I’d come home after each class with shaking arms and legs, a happy ache, and that particular euphoria I associate with a long run. As long as I was really careful about how I moved my hips and groin in the water, I could avoid exacerbating my sciatica, and in the meantime my abs, back, legs, and arms were getting a serious workout, using water and my now considerable weight as resistance.
I also met other pregnant women of all backgrounds, shapes, and sizes (way more diversity than in the downtown yoga class). We set up an email list and planned post-partum stroller walks.
I don’t know whether my unfit pregnancy OR my (aqua)fit third trimester made a difference, in the end, but after a really long labour (ahem – 60 hours) I had a big, strong, perfectly beautiful baby.
And I’ve learned my lesson about exercise snobbery, too. I’m not back at aquafit yet, but I’m taking all the Baby and Me (http://babyandmefitness.com/) fitness classes I can. Two or three times a week you’ll find me squatting and lunging my way through the park while pushing a stroller (http://babyandmefitness.com/classes/stroller-h-i-i-t/) or lifting weights while my baby snoozes in a carrier on my chest, then trying to rediscover my abs by doing planks and making faces at her on the mat (http://babyandmefitness.com/classes/carrier-fit-fusion/).
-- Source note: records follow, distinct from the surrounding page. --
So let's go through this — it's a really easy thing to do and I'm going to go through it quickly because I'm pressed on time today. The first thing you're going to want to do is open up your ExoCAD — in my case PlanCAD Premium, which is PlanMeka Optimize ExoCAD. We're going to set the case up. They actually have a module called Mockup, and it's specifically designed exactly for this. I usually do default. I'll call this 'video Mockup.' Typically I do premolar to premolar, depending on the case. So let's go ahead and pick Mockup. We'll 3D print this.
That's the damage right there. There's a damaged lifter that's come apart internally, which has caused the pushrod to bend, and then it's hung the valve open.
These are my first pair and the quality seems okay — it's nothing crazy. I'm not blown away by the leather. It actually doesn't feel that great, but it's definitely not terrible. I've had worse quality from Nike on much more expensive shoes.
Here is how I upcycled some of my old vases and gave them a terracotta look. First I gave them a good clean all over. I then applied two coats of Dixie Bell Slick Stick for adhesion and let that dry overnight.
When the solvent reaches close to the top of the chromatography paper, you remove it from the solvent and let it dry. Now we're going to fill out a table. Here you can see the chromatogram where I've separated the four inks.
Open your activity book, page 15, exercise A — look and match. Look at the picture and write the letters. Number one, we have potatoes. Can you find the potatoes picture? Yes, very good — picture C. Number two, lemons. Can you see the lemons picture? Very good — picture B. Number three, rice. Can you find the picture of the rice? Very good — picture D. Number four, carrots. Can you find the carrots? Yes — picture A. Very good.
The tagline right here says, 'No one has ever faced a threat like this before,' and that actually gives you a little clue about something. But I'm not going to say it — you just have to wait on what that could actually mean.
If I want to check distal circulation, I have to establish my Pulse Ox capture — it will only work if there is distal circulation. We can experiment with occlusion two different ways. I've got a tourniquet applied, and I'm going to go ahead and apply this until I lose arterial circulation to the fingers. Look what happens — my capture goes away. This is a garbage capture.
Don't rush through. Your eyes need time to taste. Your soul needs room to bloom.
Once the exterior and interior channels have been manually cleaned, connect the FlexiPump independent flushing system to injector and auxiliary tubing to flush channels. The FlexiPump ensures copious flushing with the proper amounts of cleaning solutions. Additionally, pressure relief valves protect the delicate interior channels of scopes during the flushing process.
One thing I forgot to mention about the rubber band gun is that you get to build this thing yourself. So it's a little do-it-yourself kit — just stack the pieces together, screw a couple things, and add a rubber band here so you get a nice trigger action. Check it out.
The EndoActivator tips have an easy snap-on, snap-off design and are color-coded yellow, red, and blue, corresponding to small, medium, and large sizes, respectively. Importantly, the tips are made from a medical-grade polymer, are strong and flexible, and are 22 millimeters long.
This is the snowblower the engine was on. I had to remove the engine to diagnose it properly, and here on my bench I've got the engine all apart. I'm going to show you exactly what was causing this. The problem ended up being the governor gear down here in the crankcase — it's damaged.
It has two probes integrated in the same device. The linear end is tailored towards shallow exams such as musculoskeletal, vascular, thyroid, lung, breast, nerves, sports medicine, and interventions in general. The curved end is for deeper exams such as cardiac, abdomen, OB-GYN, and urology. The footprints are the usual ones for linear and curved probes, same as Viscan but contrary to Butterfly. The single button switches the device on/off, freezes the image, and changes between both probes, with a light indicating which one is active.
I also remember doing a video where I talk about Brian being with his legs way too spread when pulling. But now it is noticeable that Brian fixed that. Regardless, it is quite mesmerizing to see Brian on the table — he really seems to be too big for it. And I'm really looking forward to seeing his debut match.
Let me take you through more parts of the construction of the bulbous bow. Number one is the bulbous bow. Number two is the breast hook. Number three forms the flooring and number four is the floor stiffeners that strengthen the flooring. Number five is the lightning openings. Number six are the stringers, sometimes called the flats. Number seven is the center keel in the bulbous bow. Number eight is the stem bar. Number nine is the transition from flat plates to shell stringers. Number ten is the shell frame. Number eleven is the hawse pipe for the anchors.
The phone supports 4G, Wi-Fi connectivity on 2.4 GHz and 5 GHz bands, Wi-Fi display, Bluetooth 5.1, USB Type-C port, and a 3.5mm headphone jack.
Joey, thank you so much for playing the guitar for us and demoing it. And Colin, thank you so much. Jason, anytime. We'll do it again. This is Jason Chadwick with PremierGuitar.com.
(By the way, if you like the idea but not the budget for postpartum fitness classes, I’ve noticed people arranging stroller fit dates on MeetUp.com and there are online suggestions for how to structure them).
I didn’t ‘bounce back’ to my pre-pregnancy body, but my sciatica vanished like magic, and I’ve even started running short-distances again. In the meantime, these classes get my daughter and me out of the apartment, structure our week, and have helped me meet some really cool women. But mostly, they’re teaching me that my conception of fitness – prenatal or postpartum – needed just about as much adjustment as my hips.
Alice MacLachlan lives in Toronto with her wife, Amy, and their daughter, Emmylou. When not taking aquafit classes or running around the park with a stroller, she teaches philosophy at York University.